> Problem statement
Reproduce the lines below exactly, from the one containing "Червоний Міцубісі Lancer, об'ємом" through the one containing "A cozy living", both included. Leave out any pictures.

[Items from a dataset]
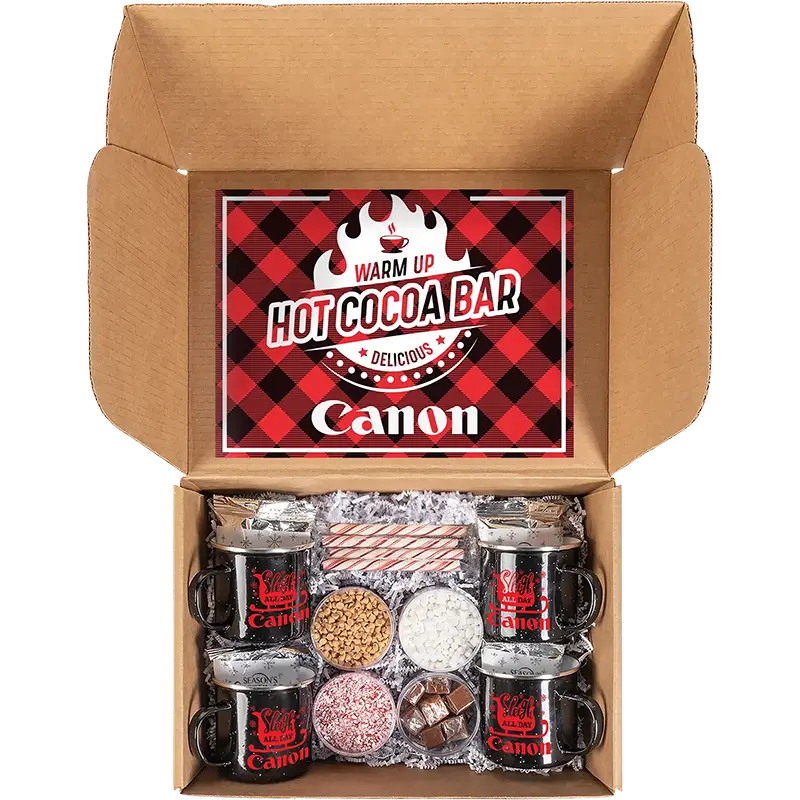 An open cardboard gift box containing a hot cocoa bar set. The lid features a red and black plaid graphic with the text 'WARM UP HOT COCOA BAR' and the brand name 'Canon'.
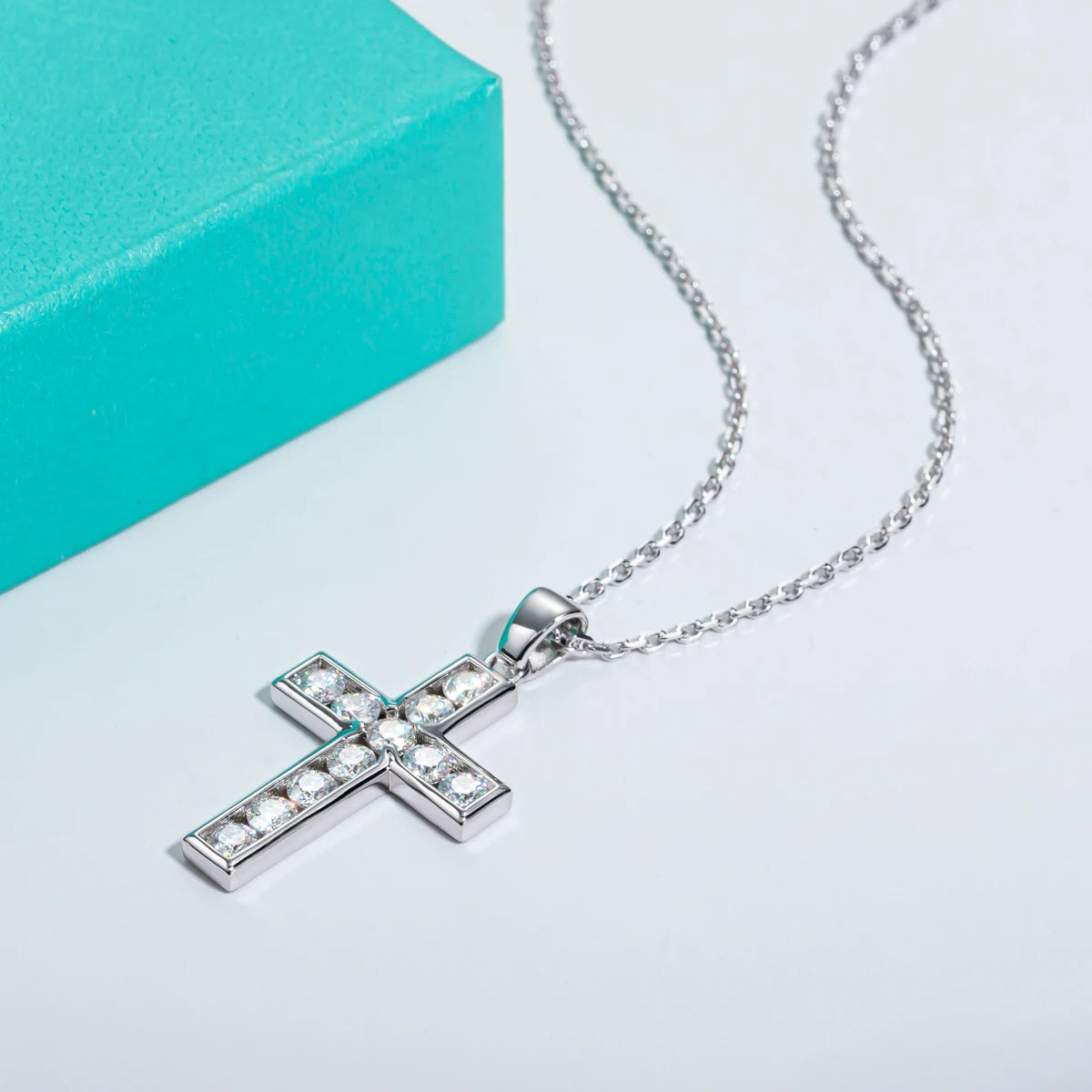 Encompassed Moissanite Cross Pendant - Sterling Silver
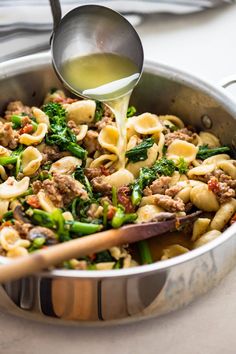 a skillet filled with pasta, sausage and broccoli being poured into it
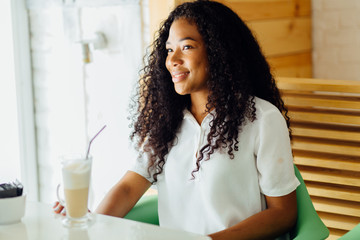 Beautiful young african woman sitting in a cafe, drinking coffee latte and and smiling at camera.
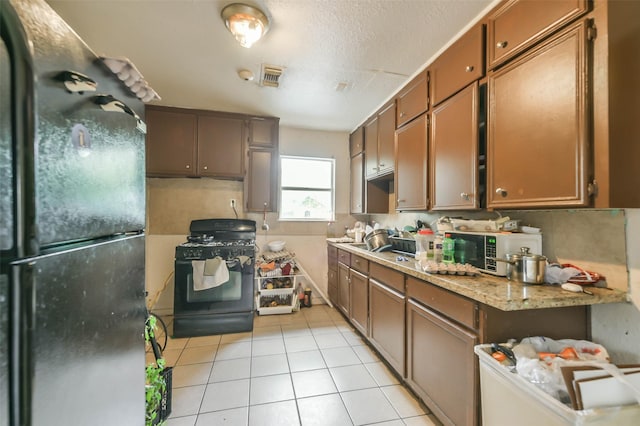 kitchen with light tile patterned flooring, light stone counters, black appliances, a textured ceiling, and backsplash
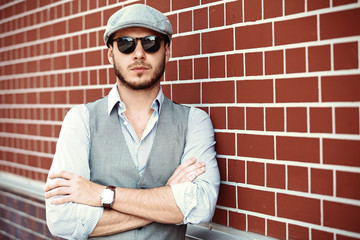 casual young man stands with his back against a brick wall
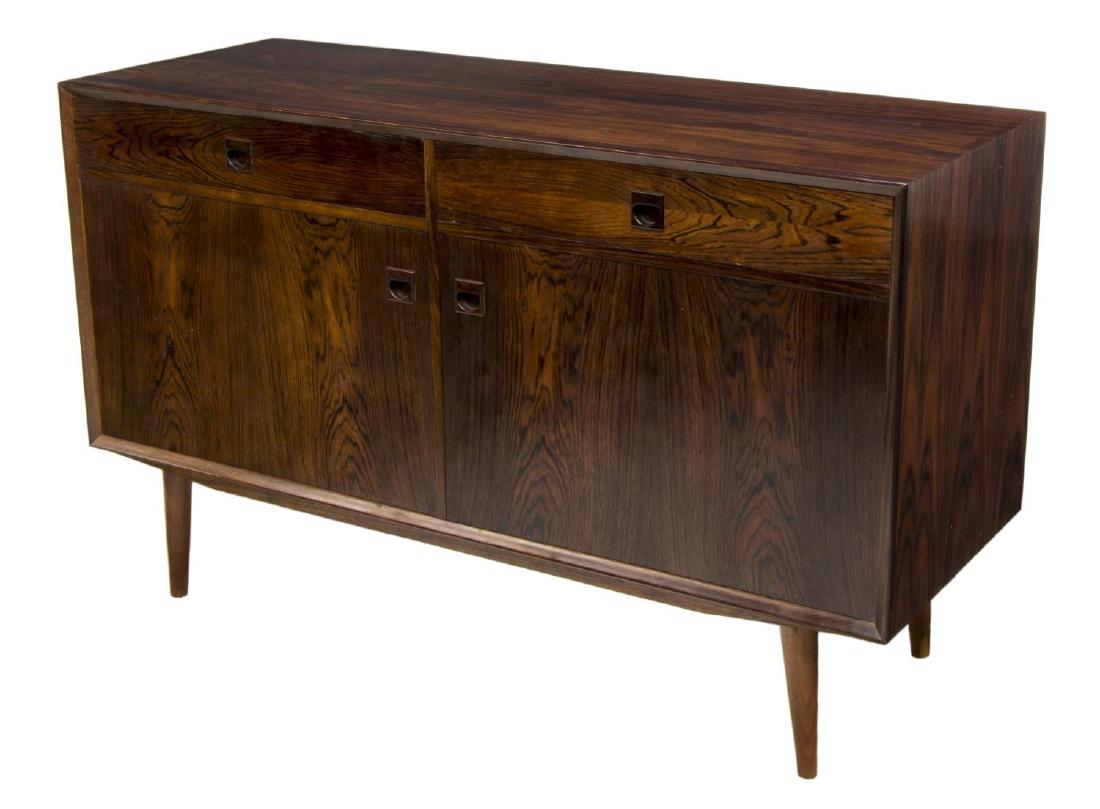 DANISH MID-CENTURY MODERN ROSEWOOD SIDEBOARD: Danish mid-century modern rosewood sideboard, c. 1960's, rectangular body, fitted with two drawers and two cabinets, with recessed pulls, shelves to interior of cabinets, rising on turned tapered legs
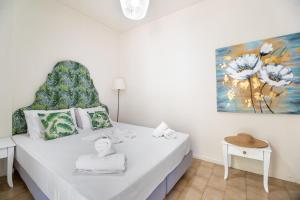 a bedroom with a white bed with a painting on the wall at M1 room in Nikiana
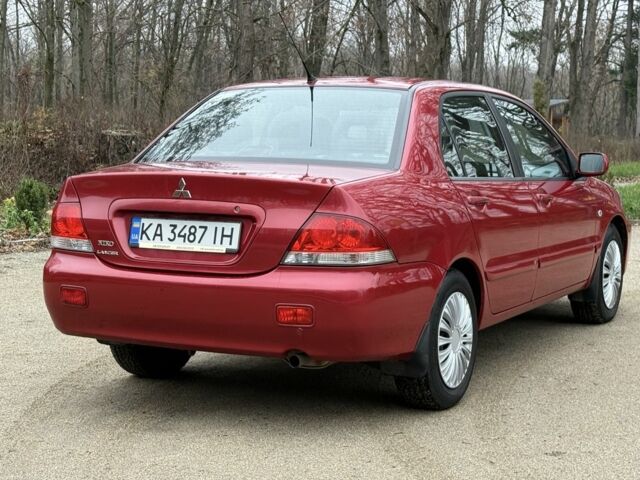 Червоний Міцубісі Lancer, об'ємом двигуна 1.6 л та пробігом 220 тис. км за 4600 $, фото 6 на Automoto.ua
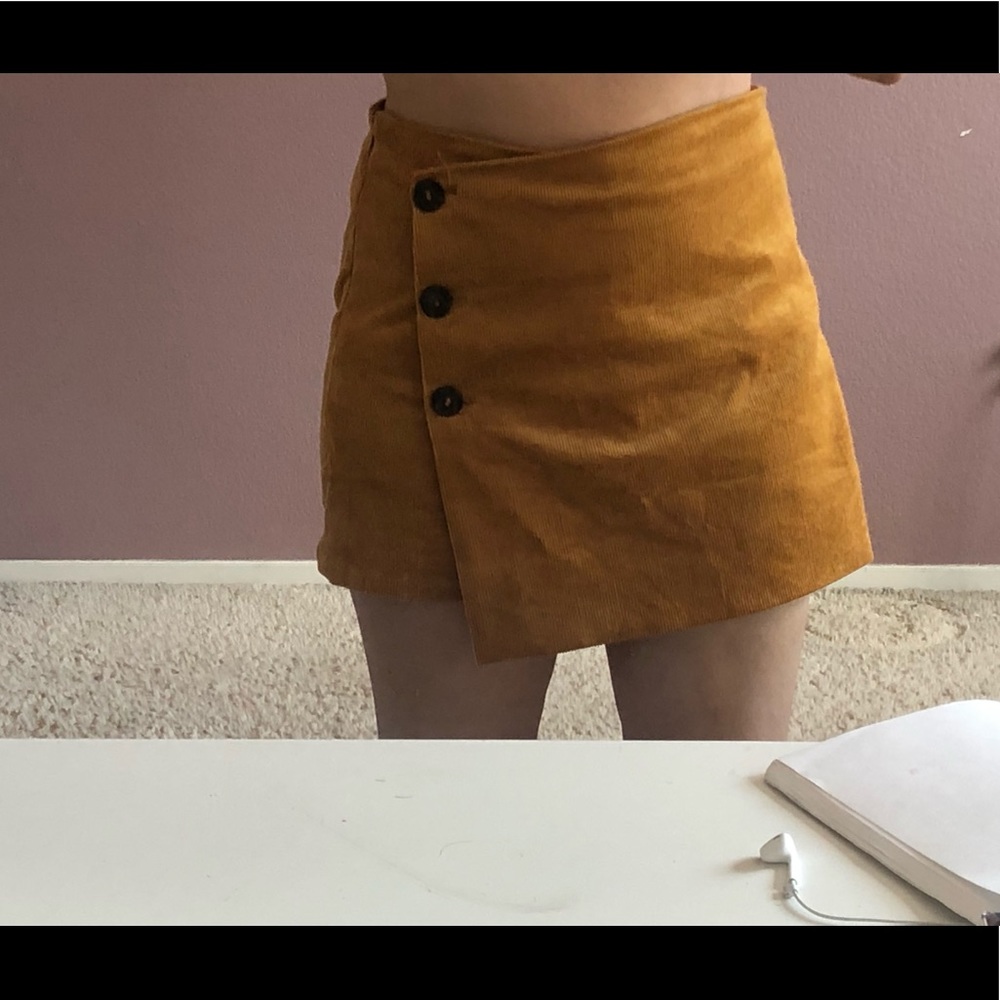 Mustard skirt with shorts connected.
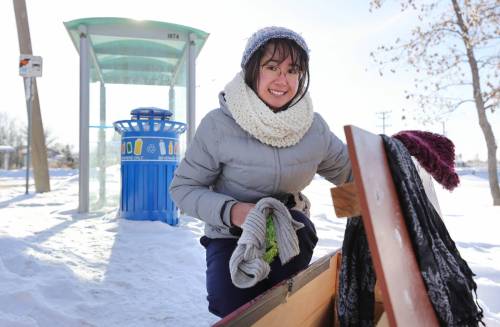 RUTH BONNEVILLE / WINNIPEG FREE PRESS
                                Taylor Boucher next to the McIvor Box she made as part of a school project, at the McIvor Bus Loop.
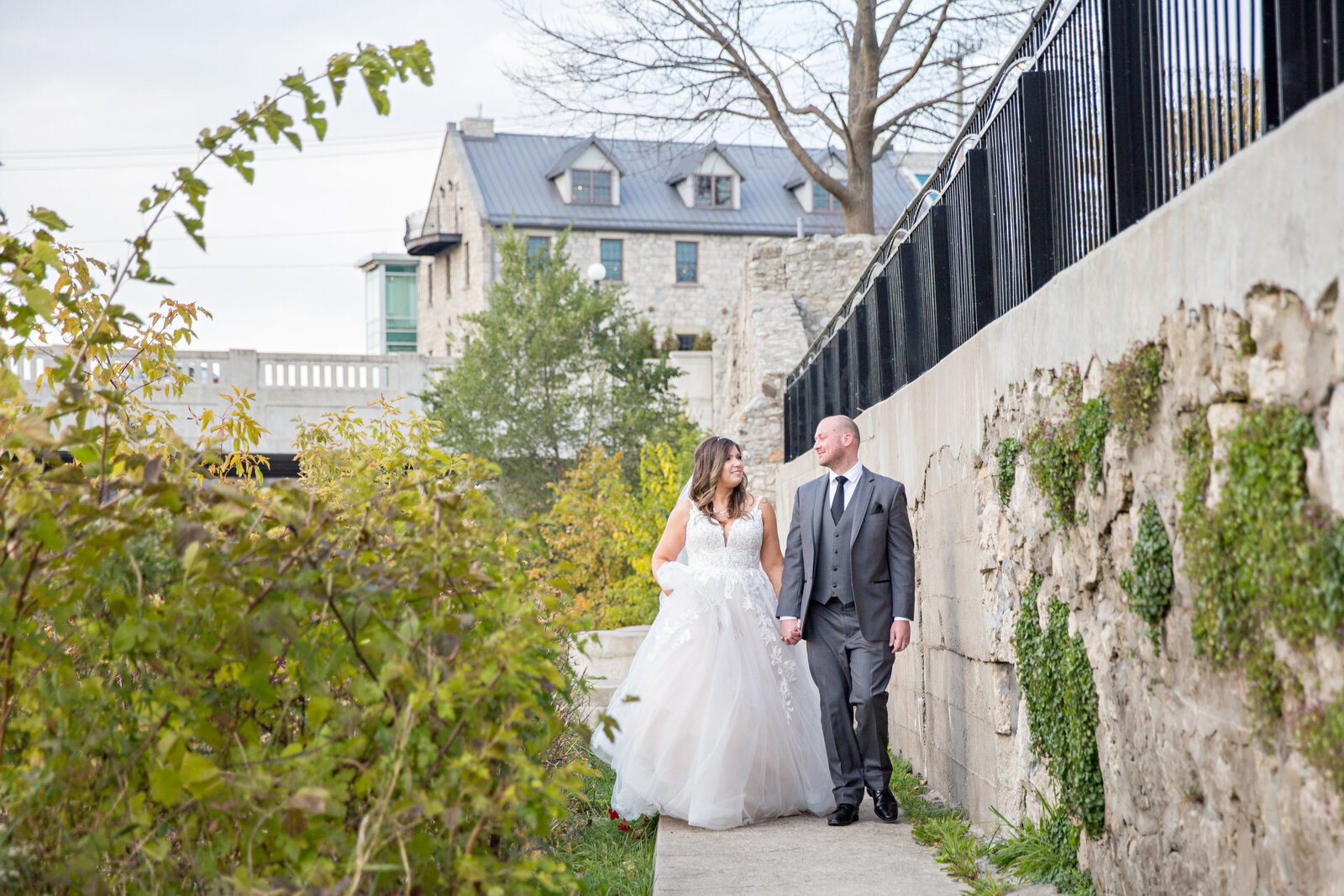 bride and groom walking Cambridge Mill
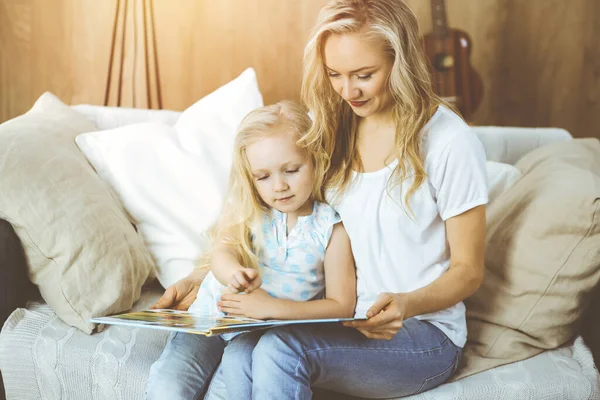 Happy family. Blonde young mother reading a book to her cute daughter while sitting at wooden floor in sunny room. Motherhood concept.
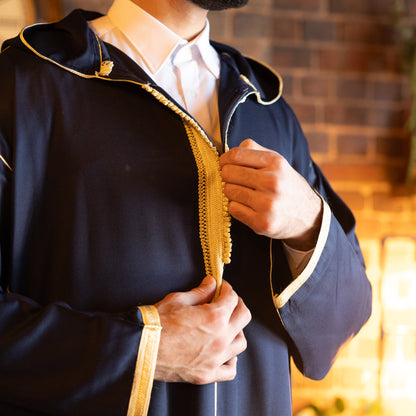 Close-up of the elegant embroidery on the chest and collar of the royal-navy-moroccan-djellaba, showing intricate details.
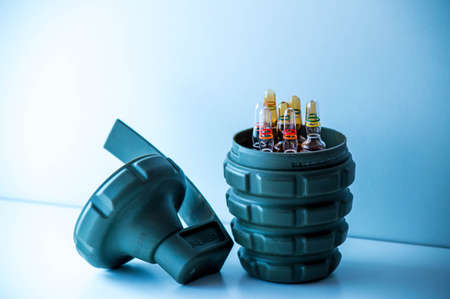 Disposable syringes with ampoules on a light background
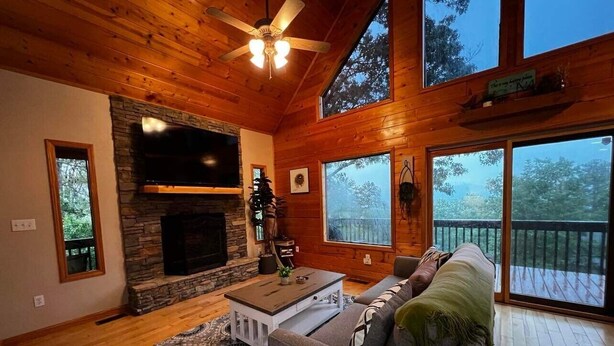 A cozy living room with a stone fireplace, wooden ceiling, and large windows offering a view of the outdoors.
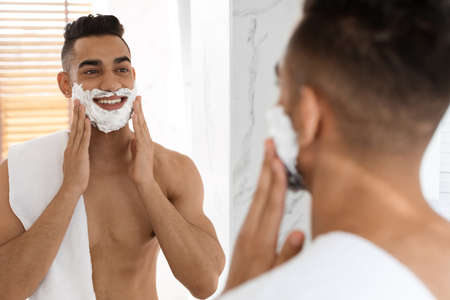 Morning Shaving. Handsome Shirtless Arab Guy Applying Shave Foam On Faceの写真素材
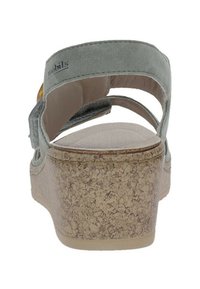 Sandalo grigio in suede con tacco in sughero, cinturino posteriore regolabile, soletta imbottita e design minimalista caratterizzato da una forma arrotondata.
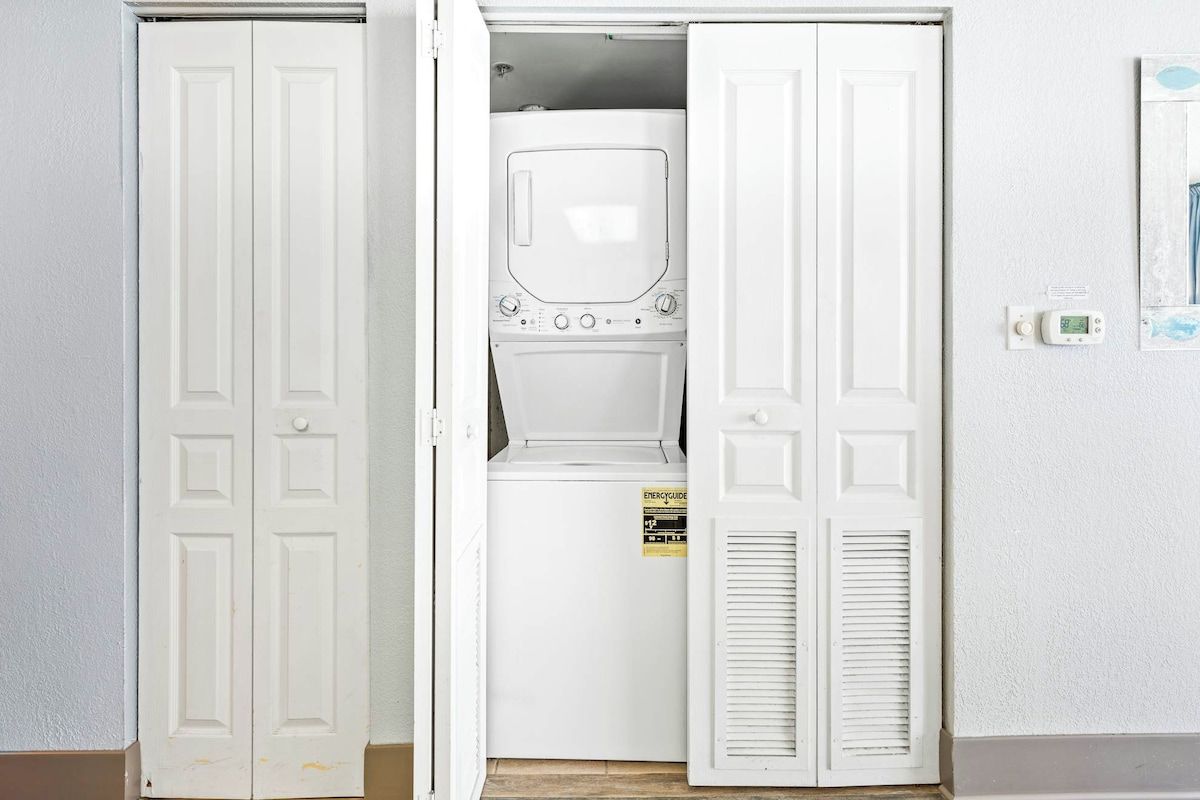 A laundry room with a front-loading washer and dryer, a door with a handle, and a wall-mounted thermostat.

> Answer to this problem
 Червоний Міцубісі Lancer, об'ємом двигуна 1.6 л та пробігом 220 тис. км за 4600 $, фото 6 на Automoto.ua
 Mustard skirt with shorts connected.
 RUTH BONNEVILLE / WINNIPEG FREE PRESS
                                Taylor Boucher next to the McIvor Box she made as part of a school project, at the McIvor Bus Loop.
 bride and groom walking Cambridge Mill
 Happy family. Blonde young mother reading a book to her cute daughter while sitting at wooden floor in sunny room. Motherhood concept.
 Close-up of the elegant embroidery on the chest and collar of the royal-navy-moroccan-djellaba, showing intricate details.
 Disposable syringes with ampoules on a light background
 A cozy living room with a stone fireplace, wooden ceiling, and large windows offering a view of the outdoors.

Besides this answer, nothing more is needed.